Matt Wagner wrote:
On Mon, Dec 16, 2013 at 2:14 AM, Michael Rathbun <[email protected]
<mailto:[email protected]>> wrote:
>
> 64.61.140.162 <http://64.61.140.162>: total: 11328 avgint: 1
>
> hmm...
I used to get a bunch of these. I'm not quite sure what causes it, but it's
annoying.
Some might have been a bunch of people using NAT, but in other cases it looked
like it was a single client querying me once a second.
I used to pretty aggressively seek these things out and block them in iptables,
but
I eventually concluded that it was pointless.

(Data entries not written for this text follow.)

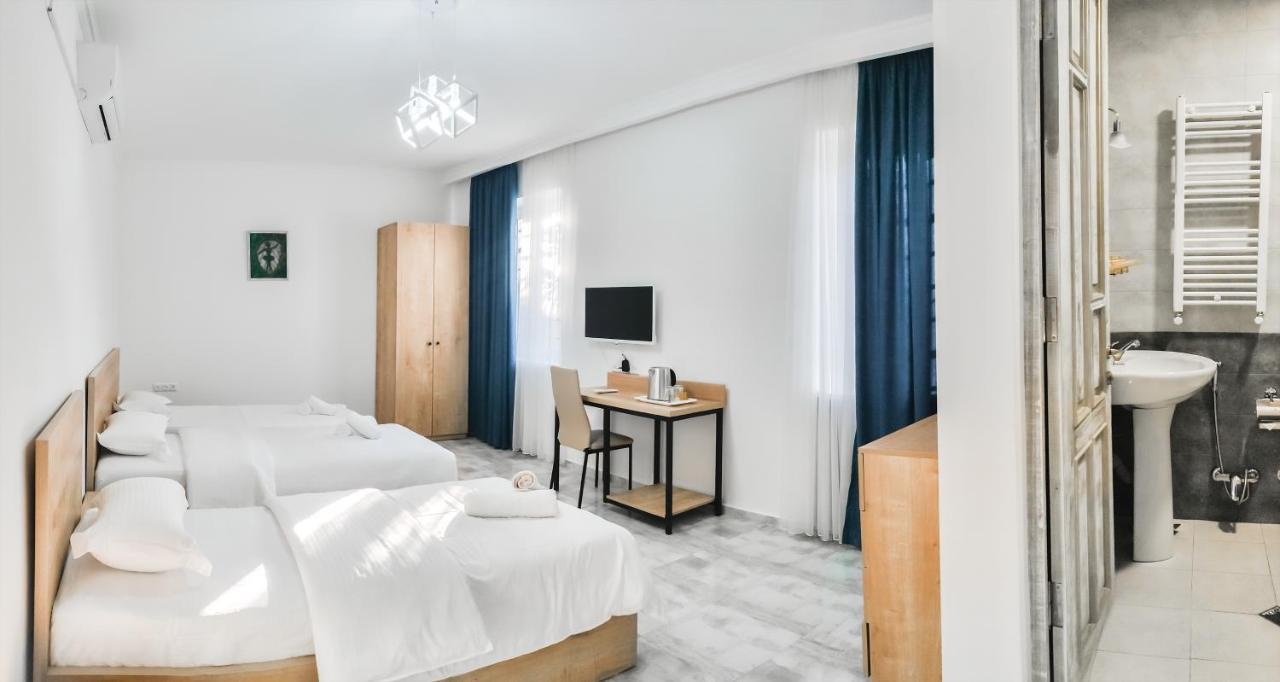 Westay Hotel Tbilissi Extérieur photo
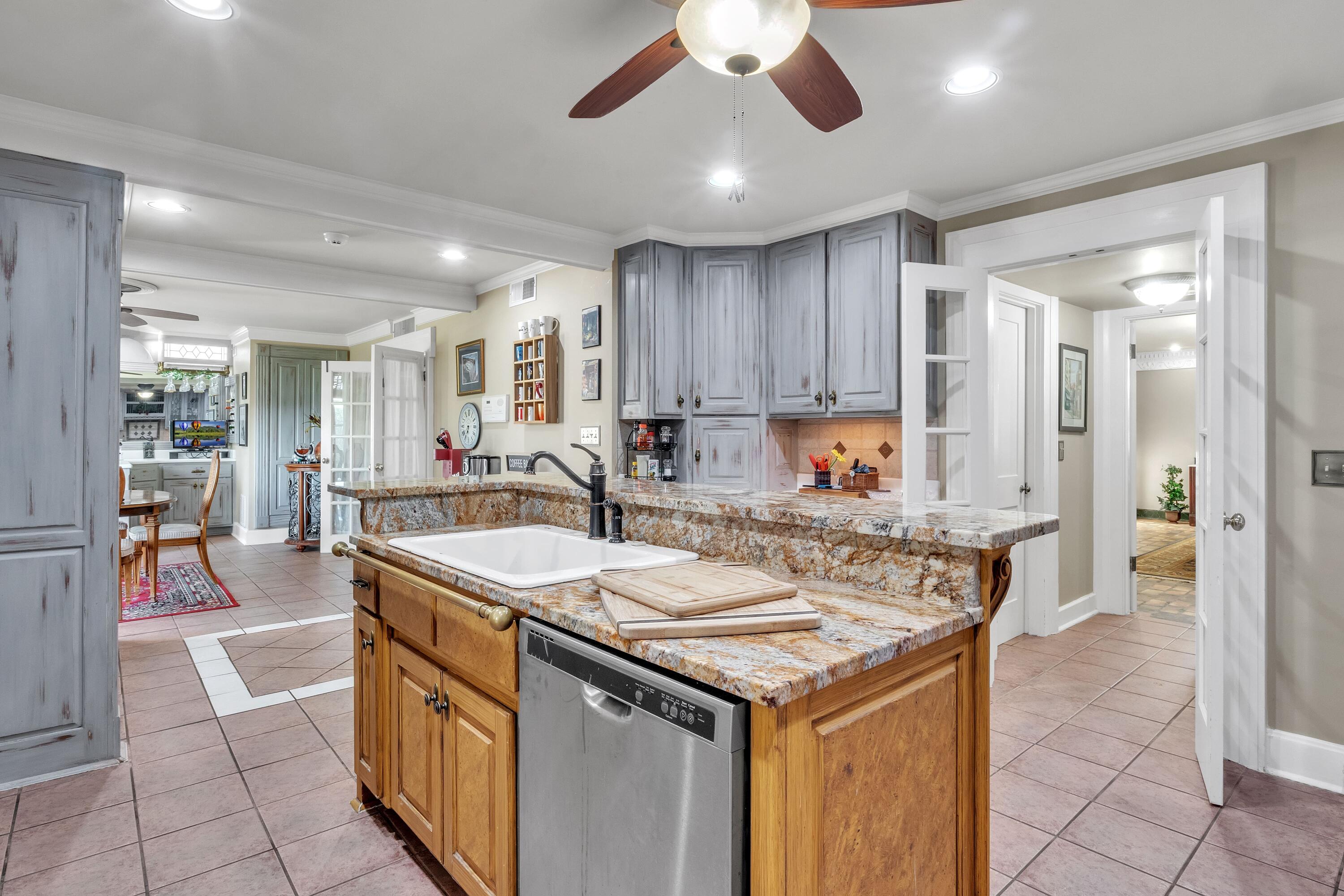 Columbus, Mississippi, 39701, United States, 6 Bedrooms Bedrooms, ,4 BathroomsBathrooms,Residential,Active,1953709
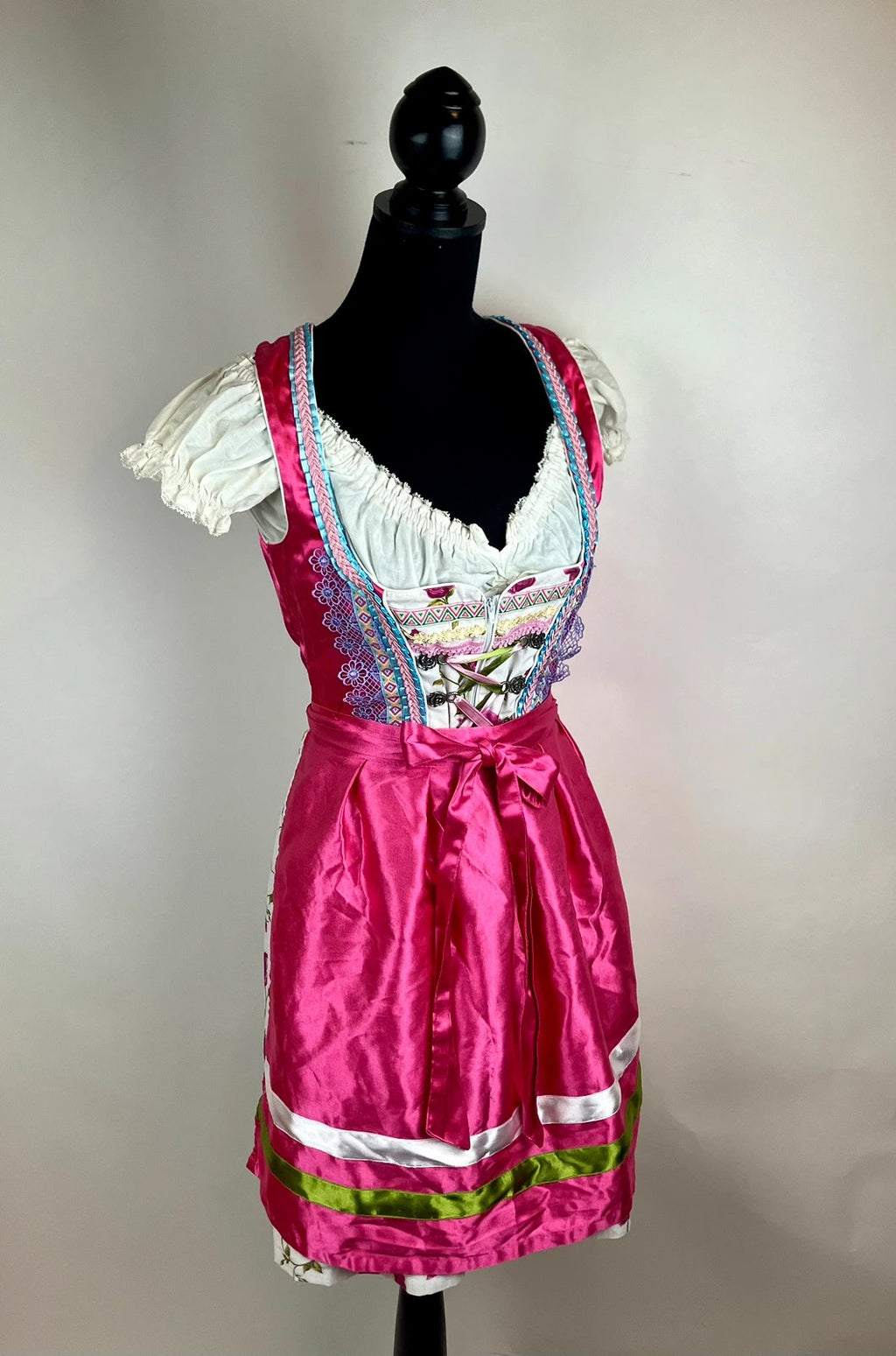 Dirndl in Pink – Second-Hand bei Schickisch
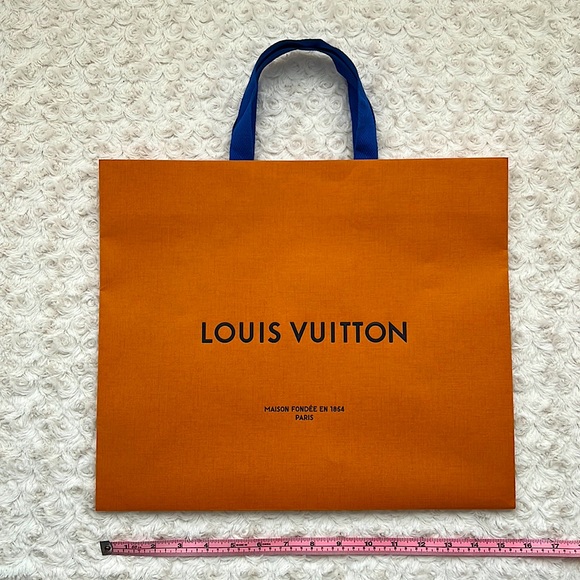 Louis Vuitton Shopping Bag Authentic, Embossed Logo, Fabric Handles - Picture 3 of 8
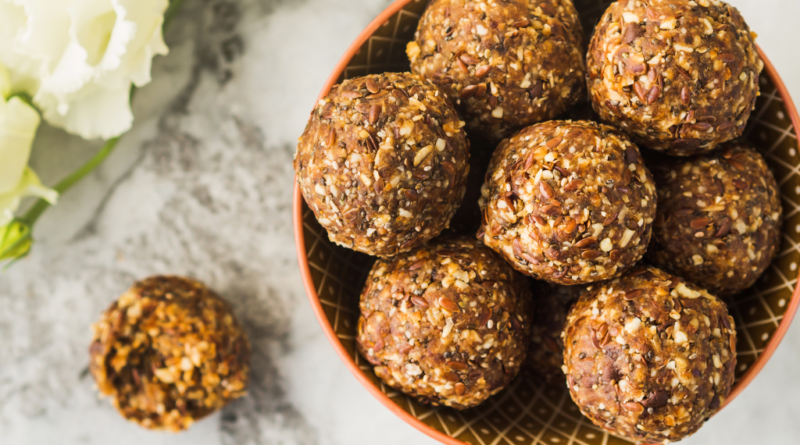 Bombons proteicos de manteiga de amendoim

I think it is a badly written client that behaves like this (sending a request
every second)
when it does not get a reply. It may be that your replies (and probably
everyone's replies)
are blocked by a wrongly configured firewall at his end, and the client
infinitely re-tries.
I have seen this behaviour back when I was still running a pool server on IPv4.
I enabled
rate-limiting and KOD that caused clients polling once every 15 seconds or more
often,
and found that as a result I got some clients that polled every second.
Resetting the blocks
made them stop doing that. Apparently the rate-limiting mistriggered (maybe
because of
an initial burst?), KOD was not implemented, and the fact that I ignored the
polls just made
them send more often.
I concluded that filtering, rate-limiting and KOD are not suitable mechanisms
to fend of
badly written or badly configured clients.
Right now I only run an IPv6 pool server, and I don't see this problem now.
Probably there
are not so many badly written NTP clients that support IPv6. At least for now.